### TASK ITEM:
A word-for-word copy of all entries is required, without images.
-- INFORMATION SUPPLIED follows --
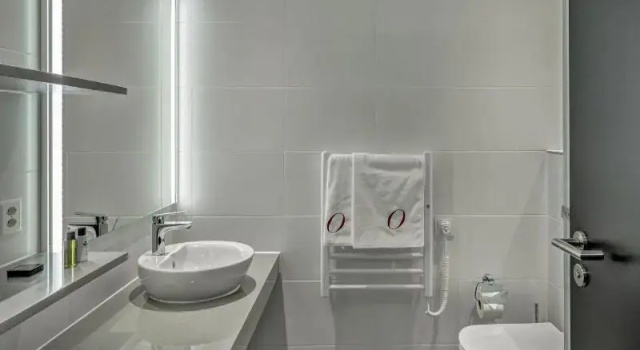 Двухместные апартаменты Superior MOOI Apartments Zurich-Schlieren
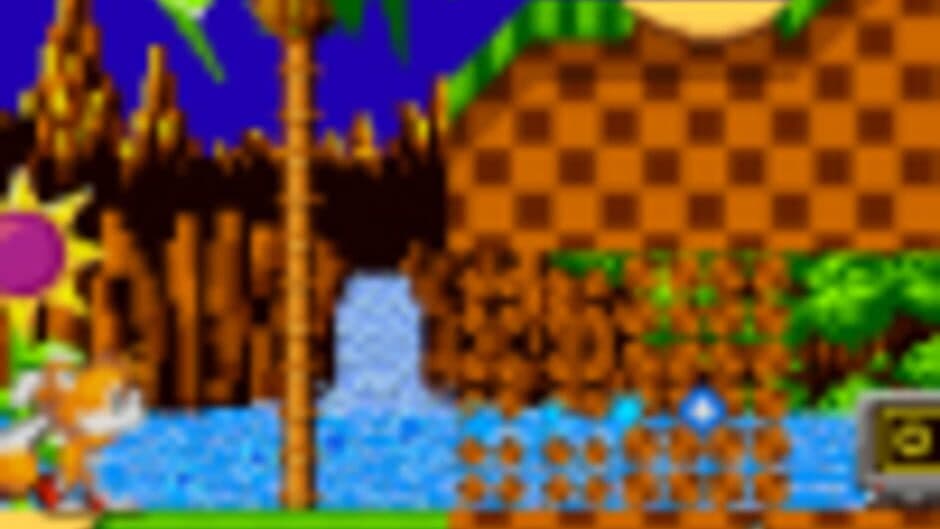 Sonic the Hedgehog Golf screenshot 2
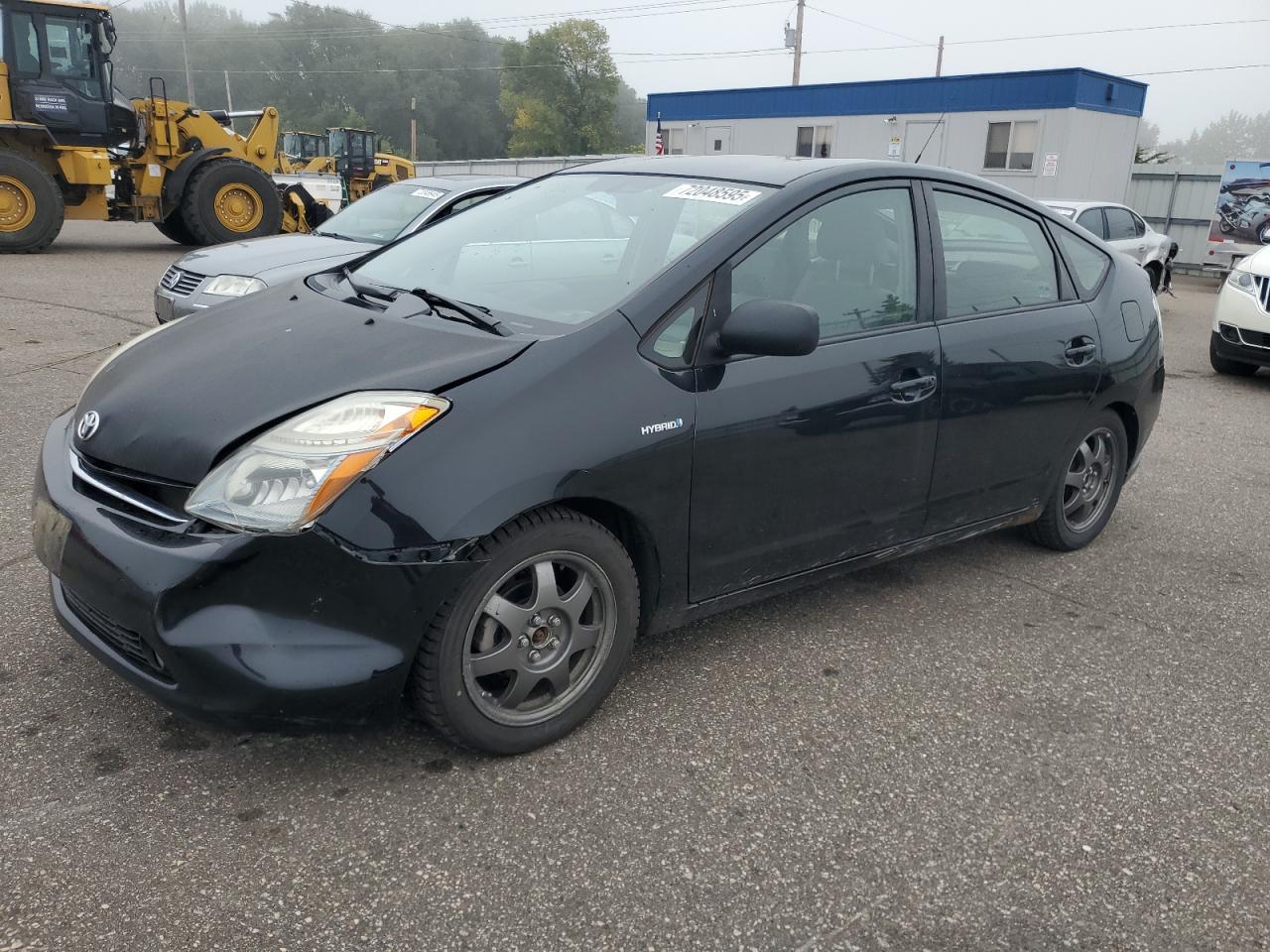 TOYOTA PRIUS 2008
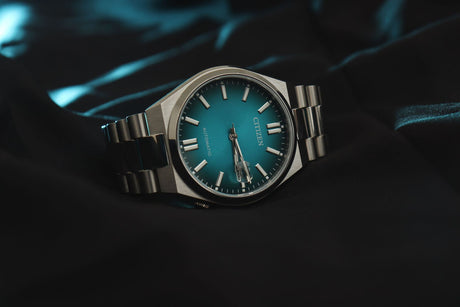 Dial Colors That Are Quietly Dominating Watch Collections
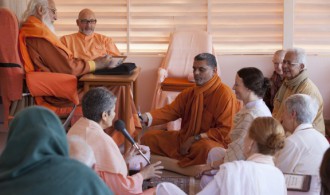 Satsang con H.H. Sri Chandra Swami Udasin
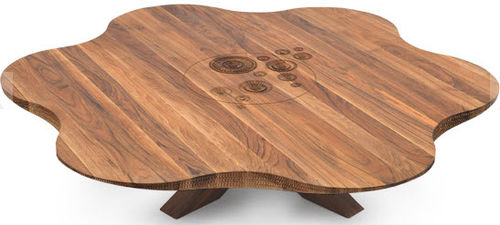 original design coffee table DAISY: RNM 250I by Salih Teskeredzic  rukotvorine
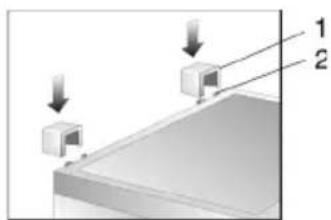 SEVERIN KS 9702 - Innan första användningen - 1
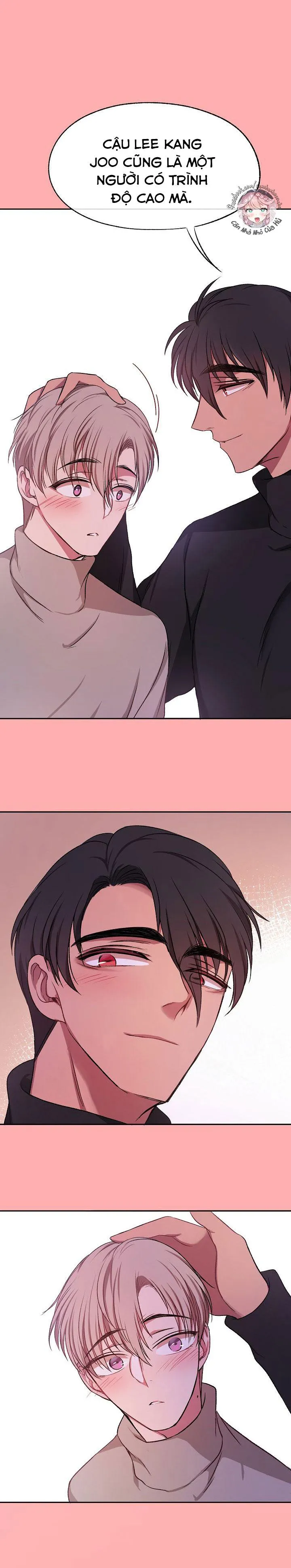 KANG JOO, PLEASE! Chapter 9 Trang 3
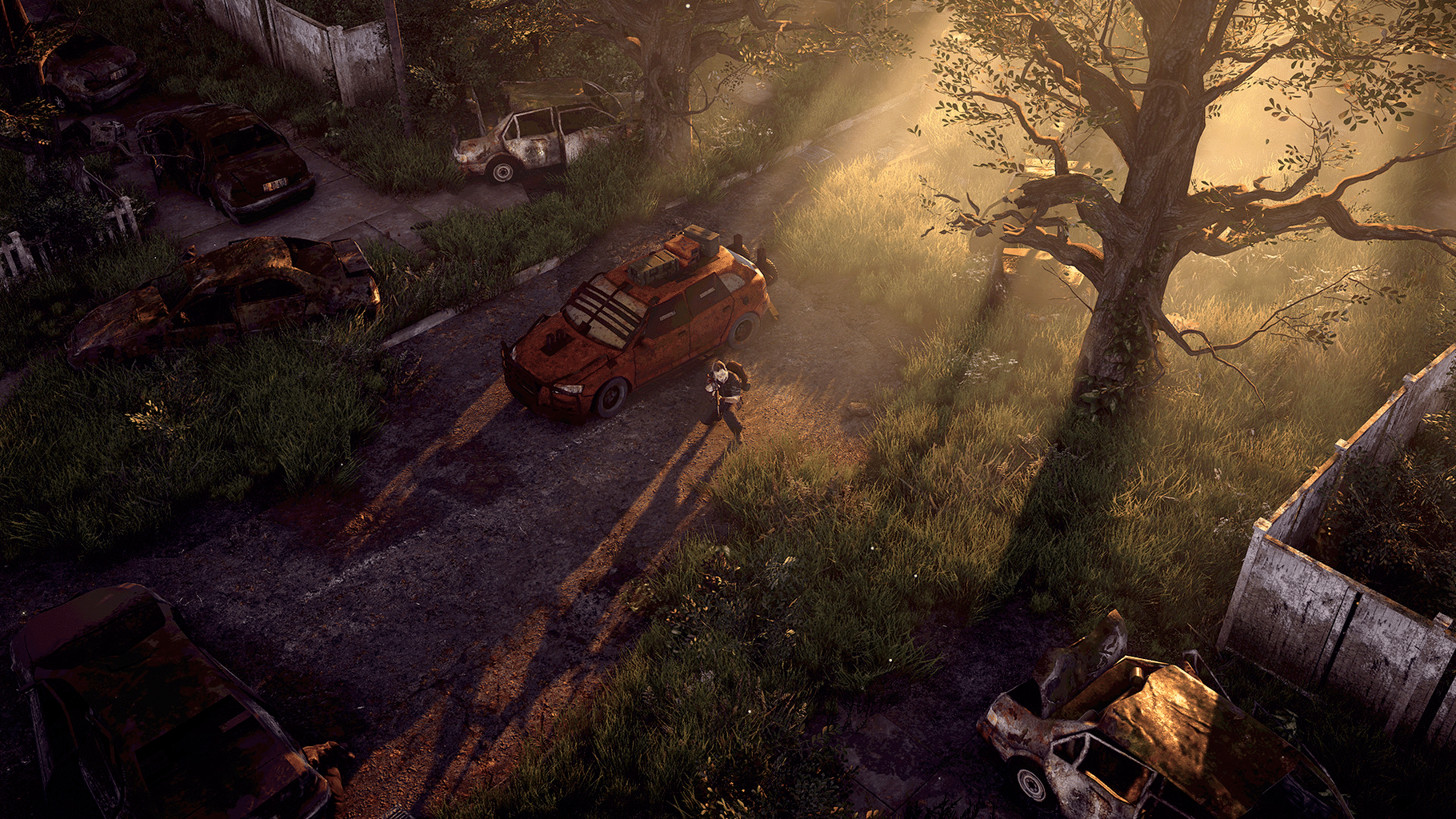 The Last Stand: Aftermath screenshot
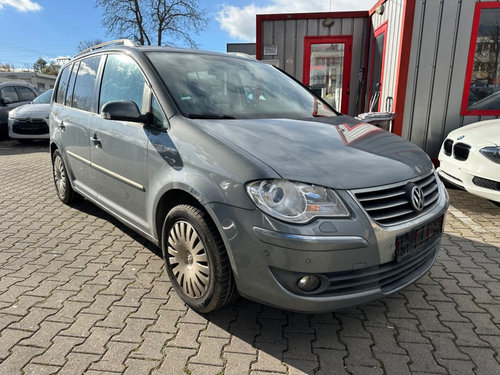 Dezmembrari Vw Touran 1T2 1.4 TSI 140 Cp / 103 KW cod motor BMY ,transmisie automata cod KNF, an 200...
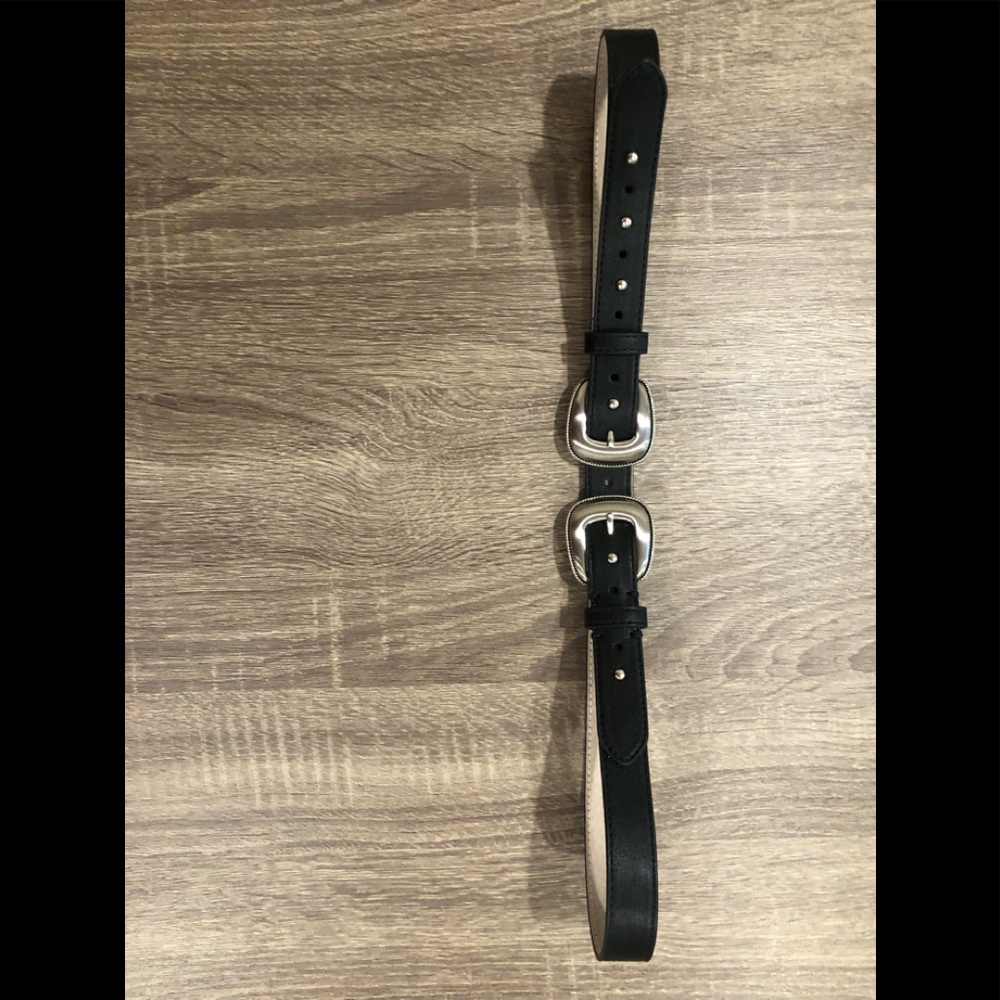 Belt for waste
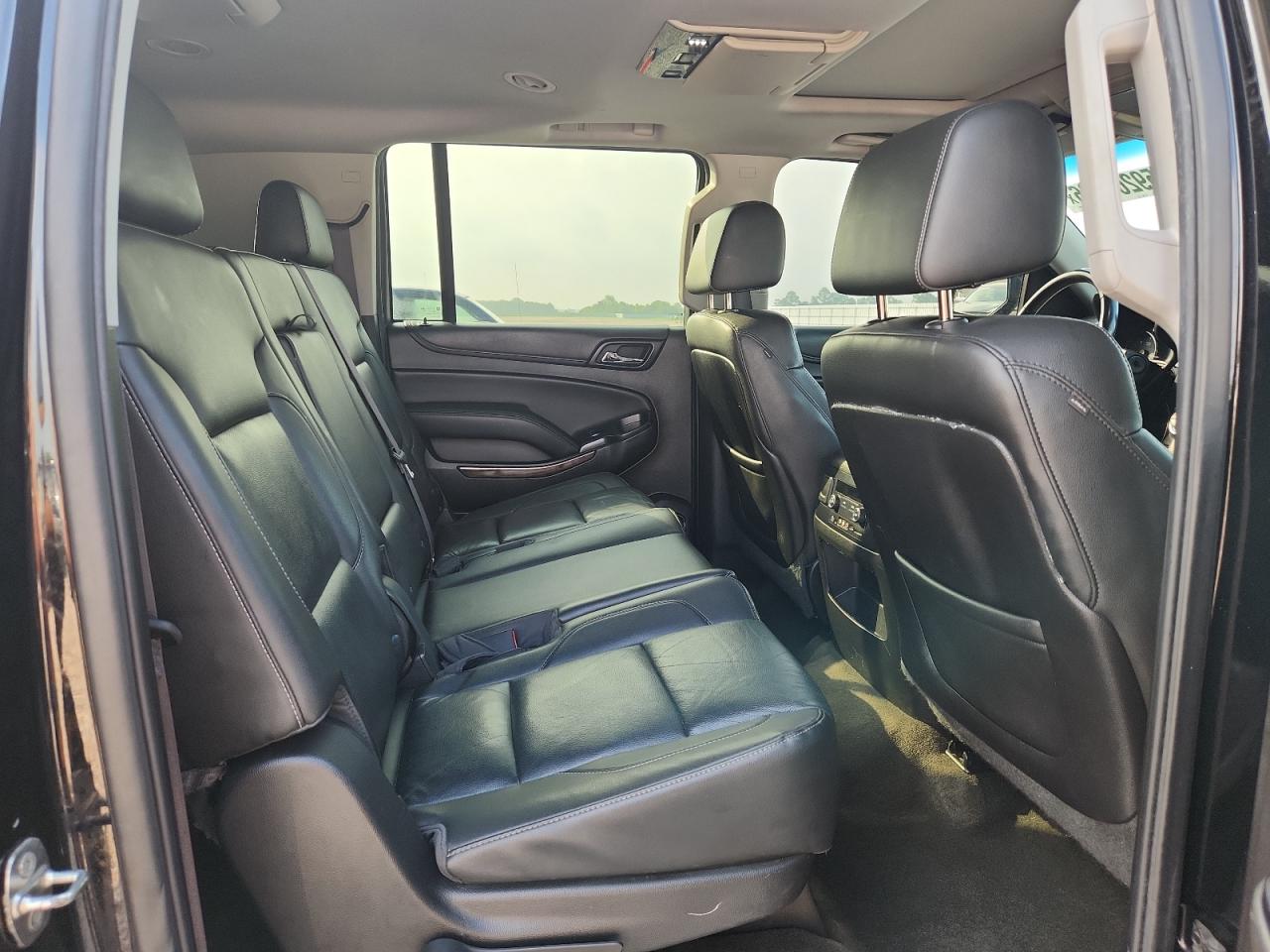 2015 CHEVROLET SUBURBAN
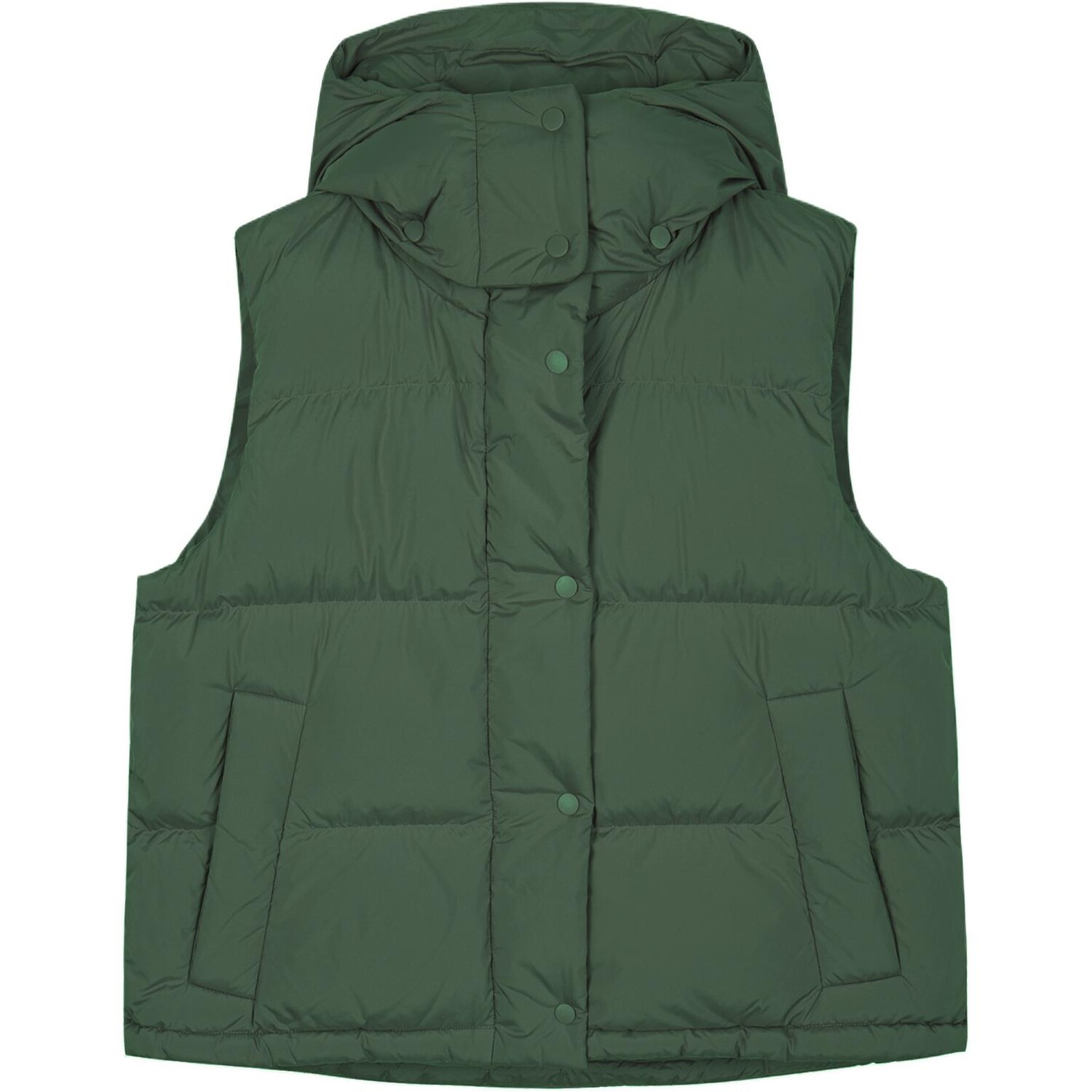 

Жилет Wunder Puff Series для женщин Lululemon, цвет Desert Sunshine/DSSN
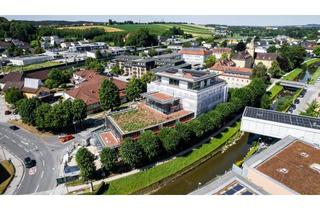 Immobilie mieten in 4710 Grieskirchen, ERSTBEZUG moderne Bürofläche im Herzen von
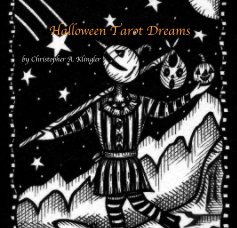 Halloween Tarot Dreams book cover
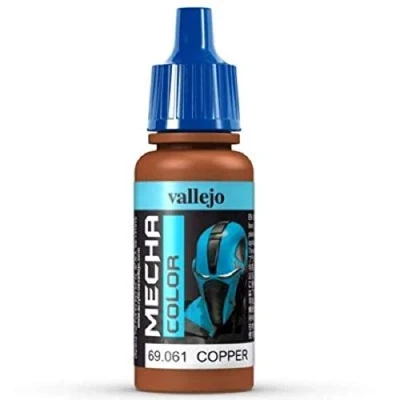 Afbeelding van Mecha Color Copper 17ml 69061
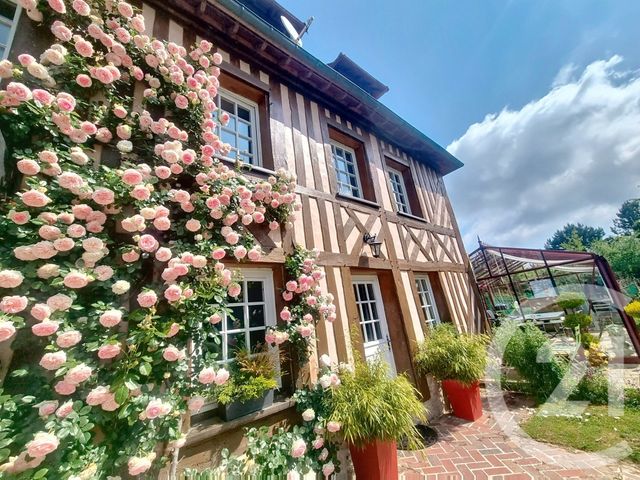 Maison à vendre - 8 pièces - 230 m2 - Coquainvilliers - 14 - BASSE-NORMANDIE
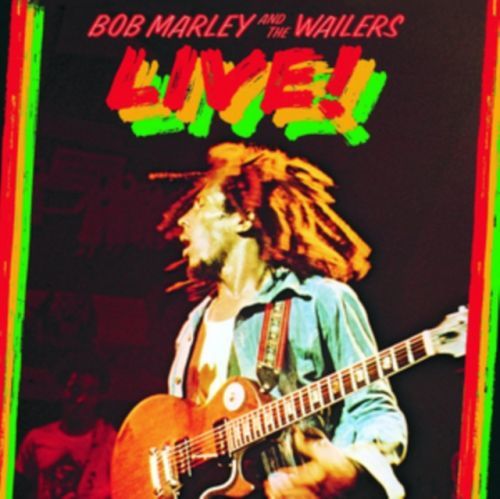 Vinyl MARLEY BOB & THE WAILERS - LIVE!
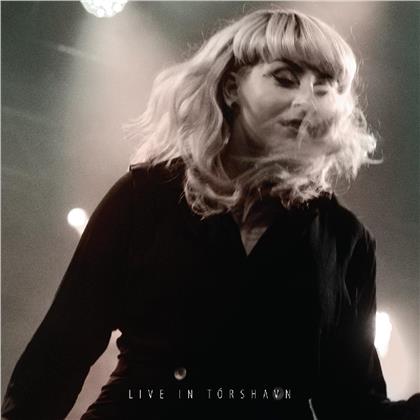 Eivor (Eivør Pálsdóttir) - Live In Torshavn (Gatefold, 2 LPs)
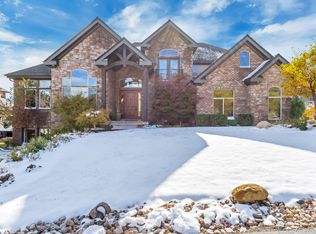 2318 E Mercer Point Cir, Draper, UT 84020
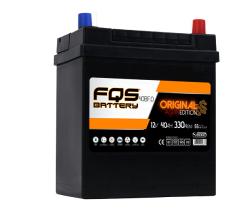 FQS FQS40BF.0 - Batería Original NS40 12v 40Ah 330A En + D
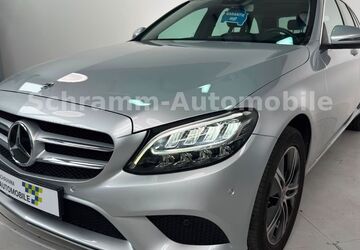 Mercedes-Benz C 200 103.000 km 19.000 &euro; Rostock 18069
-- INFORMATION SUPPLIED concluded --
### TASK RESPONSE:
 Двухместные апартаменты Superior MOOI Apartments Zurich-Schlieren
 Sonic the Hedgehog Golf screenshot 2
 TOYOTA PRIUS 2008
 Dial Colors That Are Quietly Dominating Watch Collections
 Satsang con H.H. Sri Chandra Swami Udasin
 original design coffee table DAISY: RNM 250I by Salih Teskeredzic  rukotvorine
 SEVERIN KS 9702 - Innan första användningen - 1
 KANG JOO, PLEASE! Chapter 9 Trang 3
 The Last Stand: Aftermath screenshot
 Dezmembrari Vw Touran 1T2 1.4 TSI 140 Cp / 103 KW cod motor BMY ,transmisie automata cod KNF, an 200...
 Belt for waste
 2015 CHEVROLET SUBURBAN

Жилет Wunder Puff Series для женщин Lululemon, цвет Desert Sunshine/DSSN
 Immobilie mieten in 4710 Grieskirchen, ERSTBEZUG moderne Bürofläche im Herzen von
 Halloween Tarot Dreams book cover
 Afbeelding van Mecha Color Copper 17ml 69061
 Maison à vendre - 8 pièces - 230 m2 - Coquainvilliers - 14 - BASSE-NORMANDIE
 Vinyl MARLEY BOB & THE WAILERS - LIVE!
 Eivor (Eivør Pálsdóttir) - Live In Torshavn (Gatefold, 2 LPs)
 2318 E Mercer Point Cir, Draper, UT 84020
 FQS FQS40BF.0 - Batería Original NS40 12v 40Ah 330A En + D
 Mercedes-Benz C 200 103.000 km 19.000 &euro; Rostock 18069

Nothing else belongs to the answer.